World population is expected to top out at less than 10 billion people, and with proper recycling, there are plenty of resources for all. After all, our natural resources do not get used up. (The exceptions are the fossil fuels, but we won’t need them after this century). There is the same amount of iron, aluminum, chromium, and all the other elements, that there were millennia ago.

As far as extra-solar planets, keep dreaming. The planet, Proxima Centauri, is in the nearest star system to our own solar system. And it’s over 4 light years away. At the current speeds of our spacecraft, it would take tens of thousands of years to get there. It would be a miracle if, next century, we could get there in a thousand years.

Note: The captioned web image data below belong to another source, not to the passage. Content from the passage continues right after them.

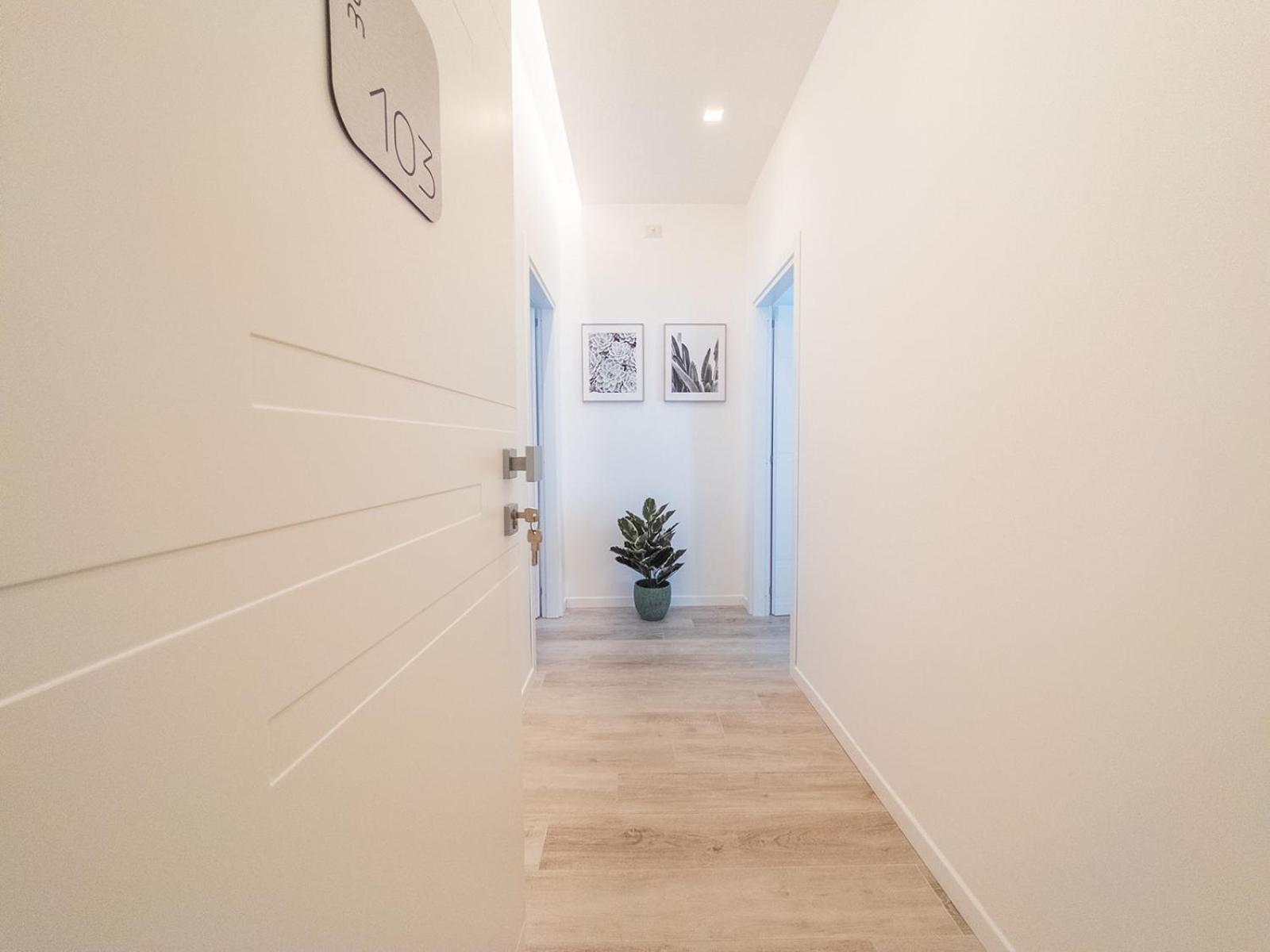 White Ottaviano Hotel Rome Exterior photo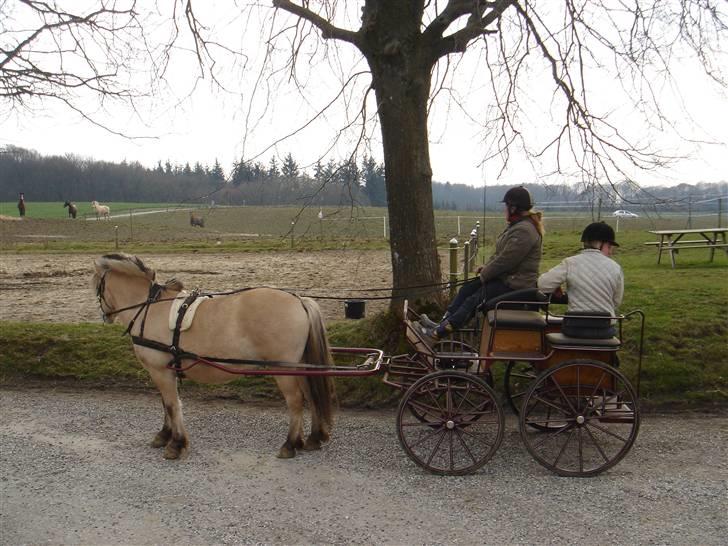 Hestevognstur billede 24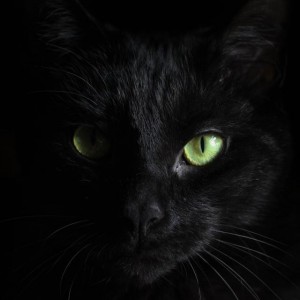 Create meme: black cat, cat muzzle, black cat face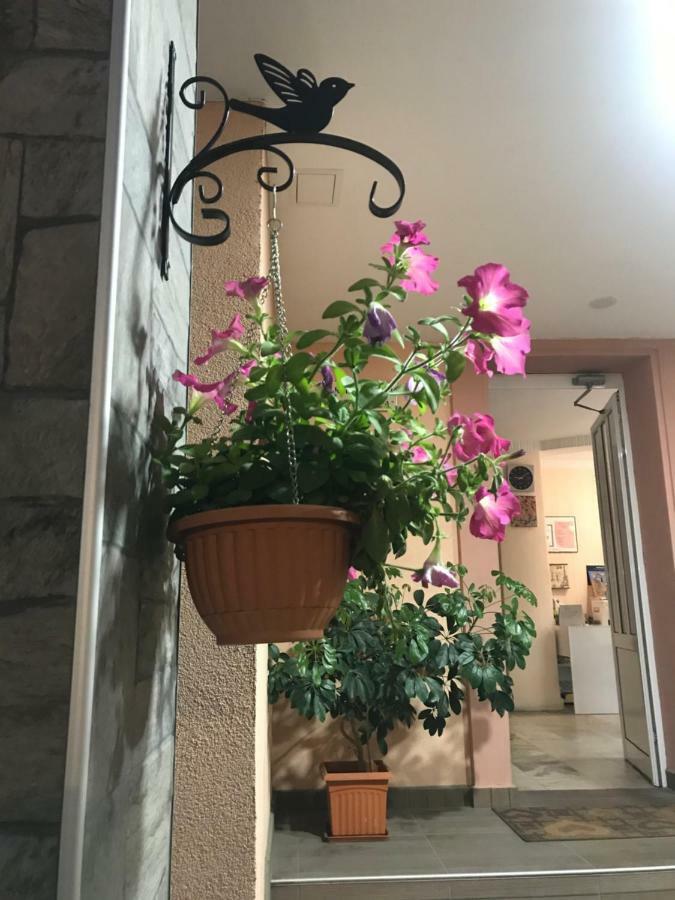 White Rose Guest Rooms Burgas Bagian luar foto
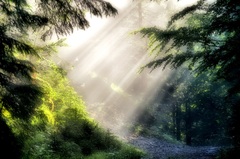 V rozprávkovom lese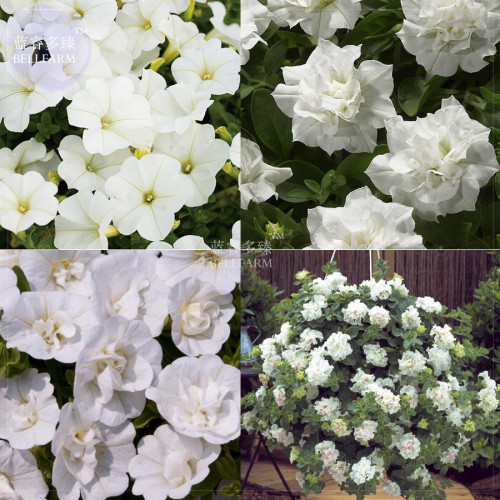 BELLFARM Mixed 4 Types of White Petunia Bonsai Flowers, 200 'seeds', strongly trailing single / double petals calibrachoa new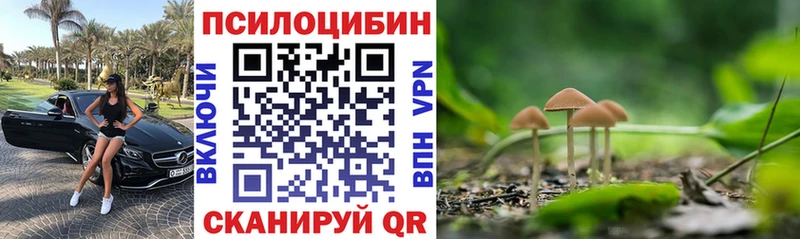 Галлюциногенные грибы GOLDEN TEACHER  Невельск 
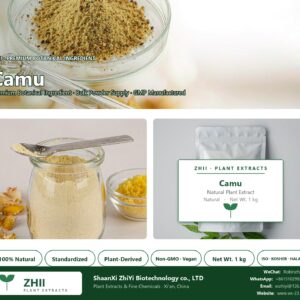 Camu powder natural botanical extract powder - ZHII ShaanXi ZhiYi Biotechnology supplier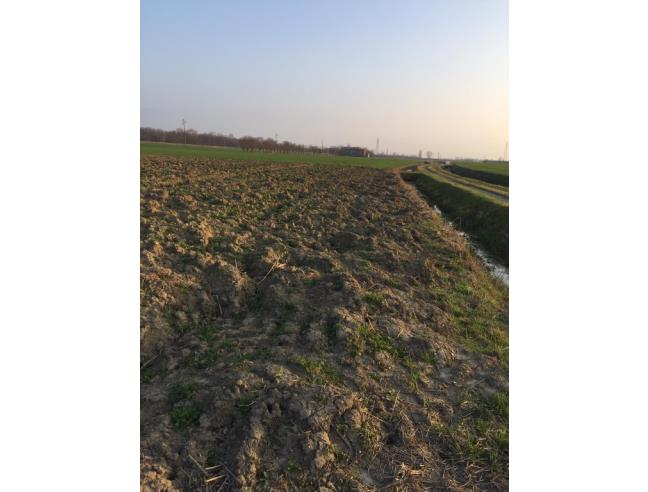 Anteprima foto 8 - Terreno Agricolo/Coltura in Vendita a Boretto (Reggio nell'Emilia)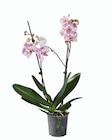 Orchidée 2 tiges en promo à 7,99 € chez Lidl Orchidée 2 tiges dans le catalogue Lidl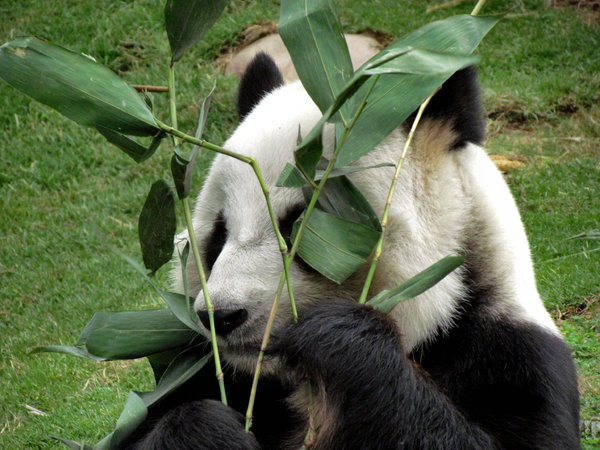panda snack time5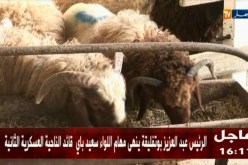 سعر الخروف الجزائري في المرتبة الثانية لأغلى الكباش عربيا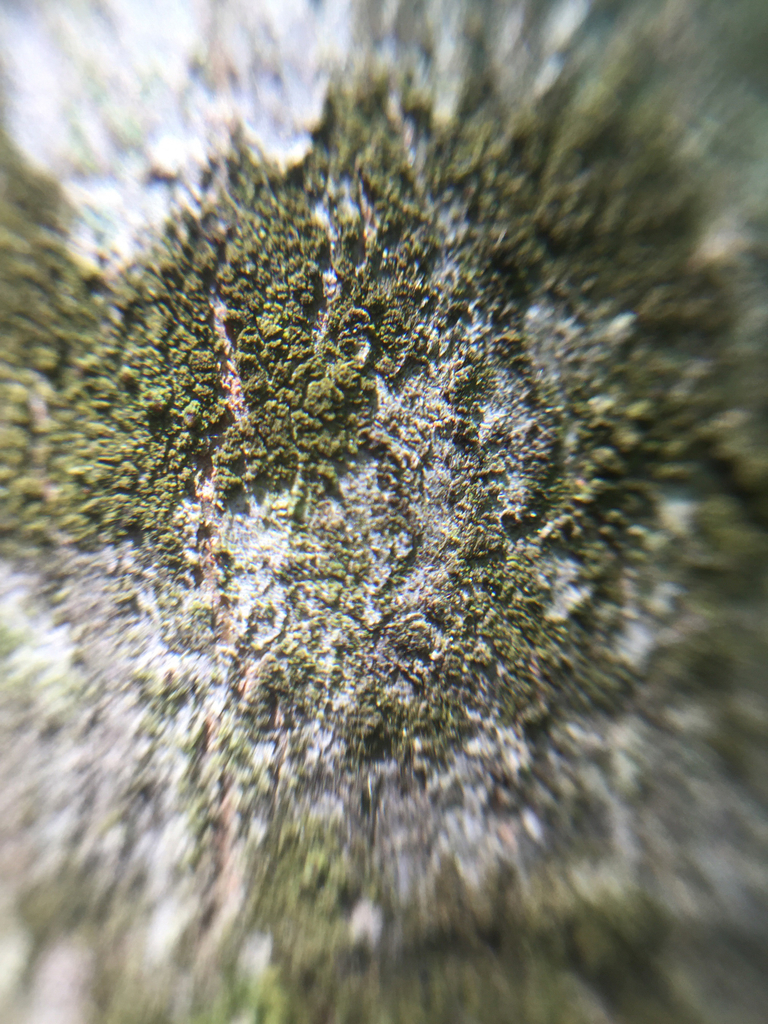 Scoliciosporaceae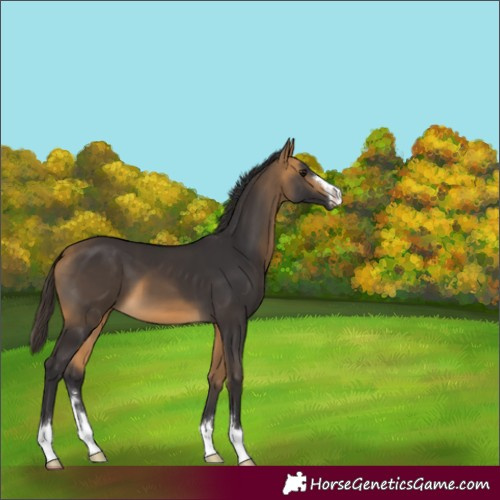 Horse Color:Buckskin 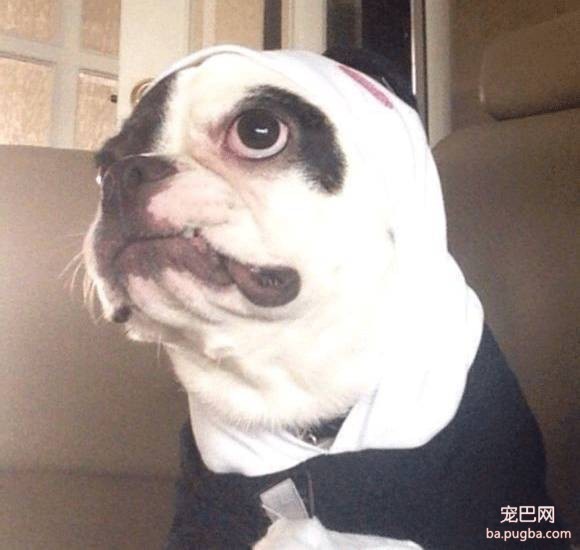 崔始源的法斗咬伤邻居致死，牵个绳就这么难？！-25.jpeg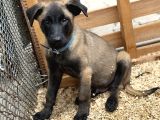 Belçika Malinois Safkan A Kalite Erkek Yavru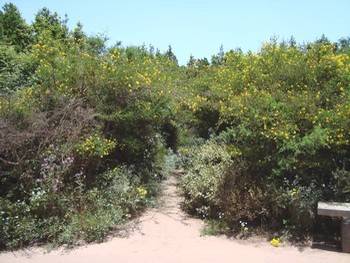 Parc National de Garajonay 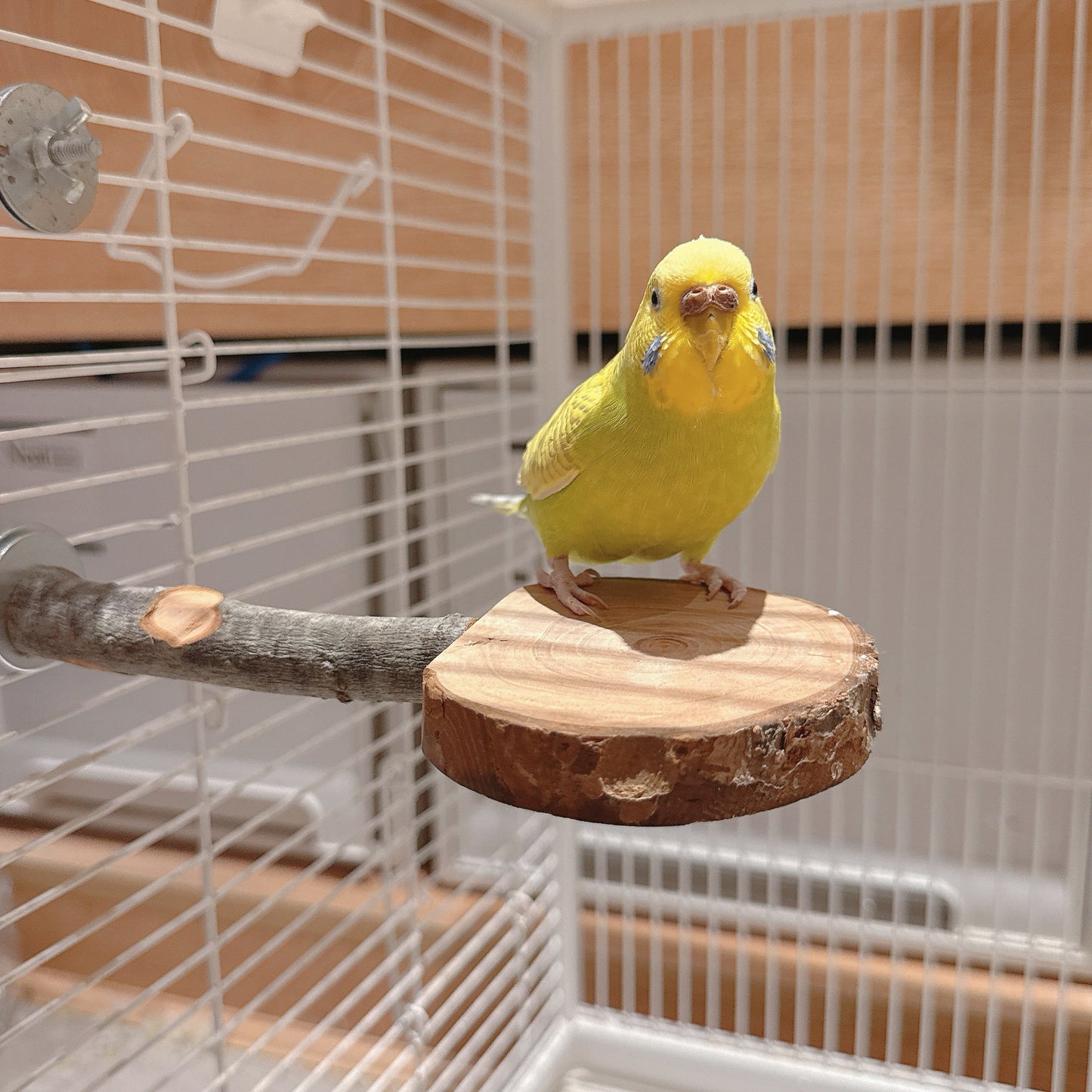 Natural Apple Wood "Rest & Play" Platform Perch – Healthy Feet & Safe Chewing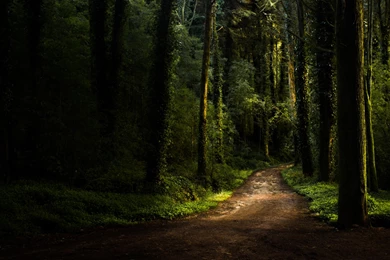 Serra De Sintra, Portugal Widescreen Wallpapers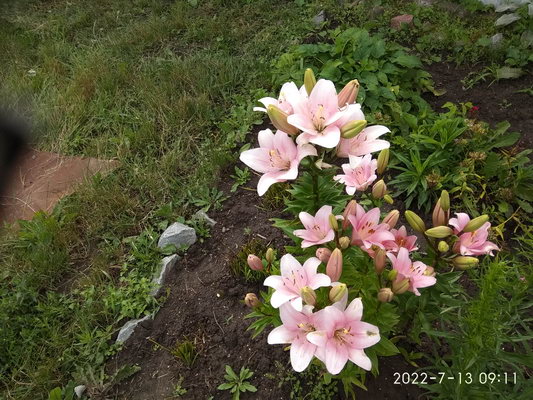 http://upforme.ru/uploads/0010/2b/7f/198/346526.jpg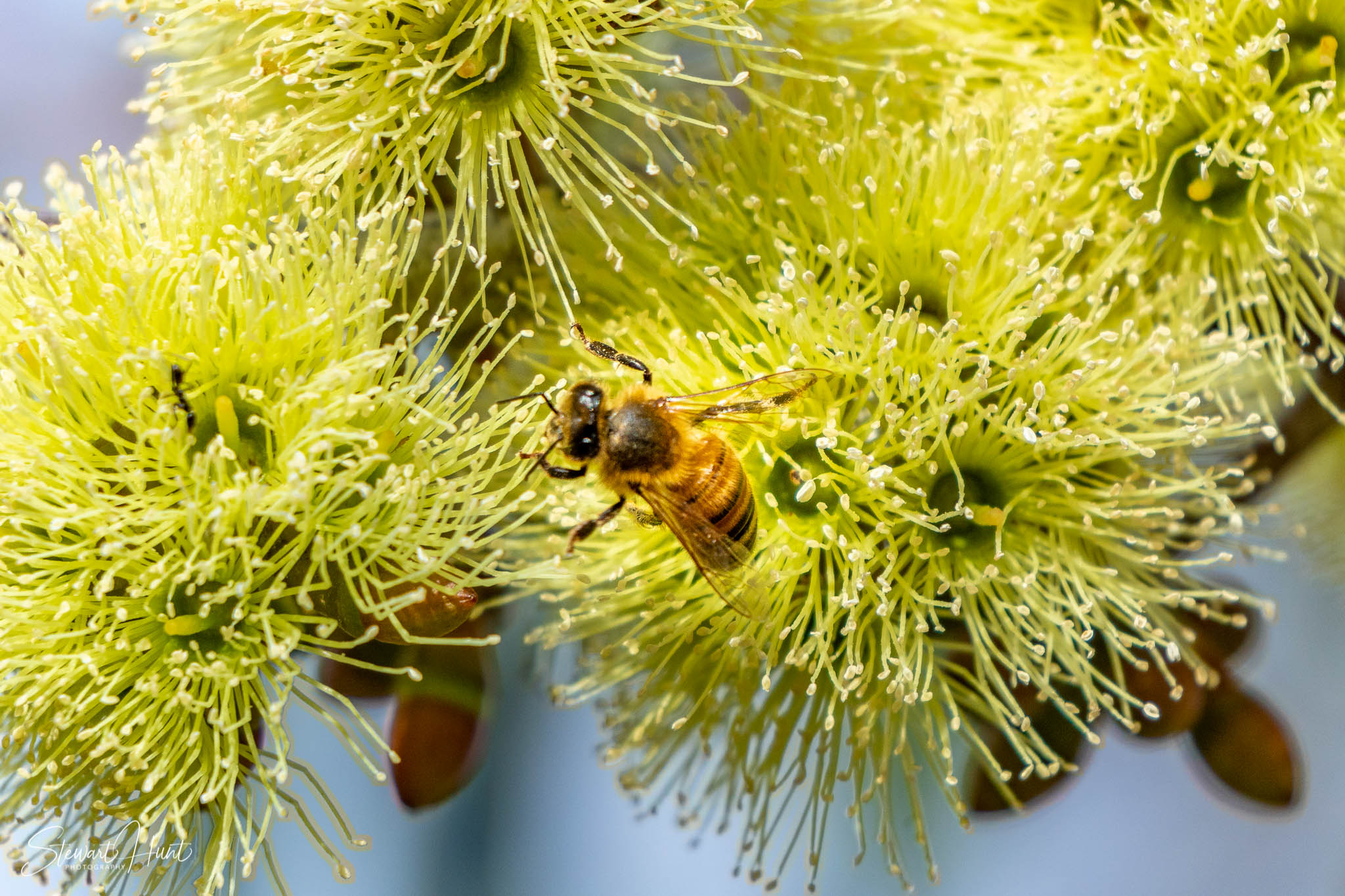 Melton Botanic Gardens A6500 4437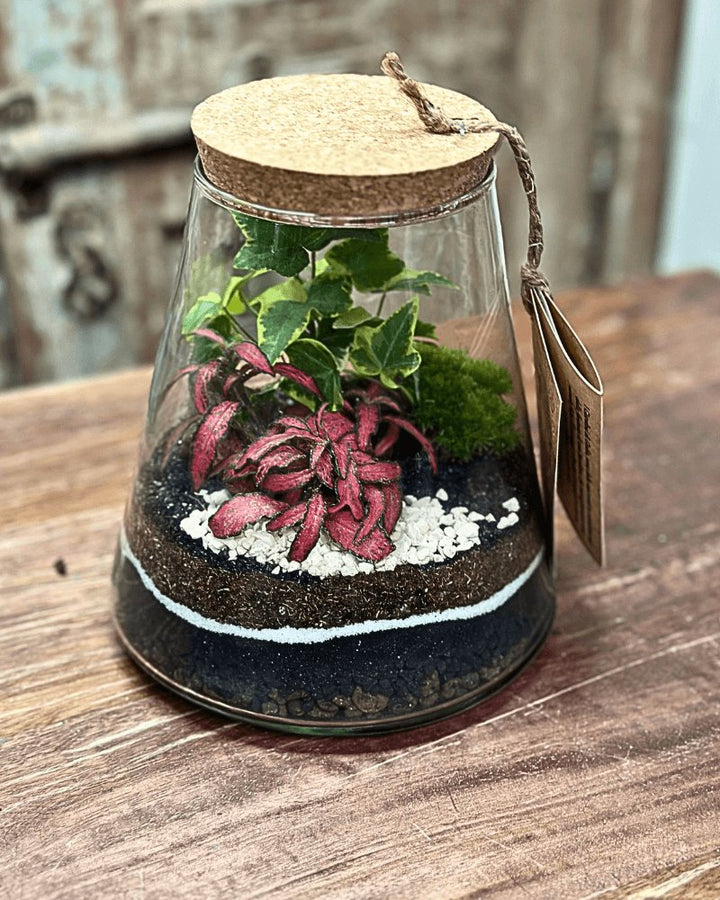 Terrarium Eco Chic 059 - i Giardini di Giulia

It would be more of a miracle if we could get there with anyone alive.

What about small, robotic spacecraft? By next century, it's possible but not likely, that we’ll probably be able to send out a bunch of these to various star systems. Once one gets to a planet that it can land on, it could send a transmission back to Earth about what it has found. It can then duplicate itself, and send out more small spaceships. I’ve seen some estimates that we could have these essentially visit every part of our galaxy in 100,000 to 1,000,000 years. A million years seems like a long time, but hominids were around a million years ago. And the dinosaurs died off over 60 million years ago. So it really isn’t as long as it sounds. And we’d know for sure which planets, if any, have intelligent life.

But human colonization of extra-solar planets? We’d need a spaceship to house hundreds of mostly young couples, that can support them for many generations. If you think that’s going to work, you’ve been watching way too many Star Trek and Star Wars’ movies. I know I have.

Our only hope is that Elon Musk develops a huge Tesla spacecraft that can travel at ‘ludicrous speed’. Hopefully, we wouldn’t run into a bunch of Klingons.

Tim Farage is a Senior Lecturer in the Computer Science Department at The University of Texas at Dallas, and a former Professor of Mathematics. The views expressed herein are those of the author. Some of his main interests are in online education, and the reconciliation between science and spirituality. You are welcome to comment upon this blog entry and/or to contact him at


Anonymous said...

Damn Newtonian Space restrictions...

Anonymous said...

Very nice post.

Anonymous said...

I always enjoy your blogs.
Makes a lot of sense

Nat Love said...

Wee√®eeeeeell… At least we’ll be *skinnier* on the scale ;)

This was a very well written article, fun to read and easy to understand.

Carroll said...

I'm glad that you pointed out in your blog that, practically speaking, nobody is going to migrate to other planets! Even discussing it seems like such a waste of time to me, since we've been told that it is forbidden that beings from one planet interfere with the life of another planet. Persons of your generation and afterward seem to like to discuss such idiotic (to my generation) topics.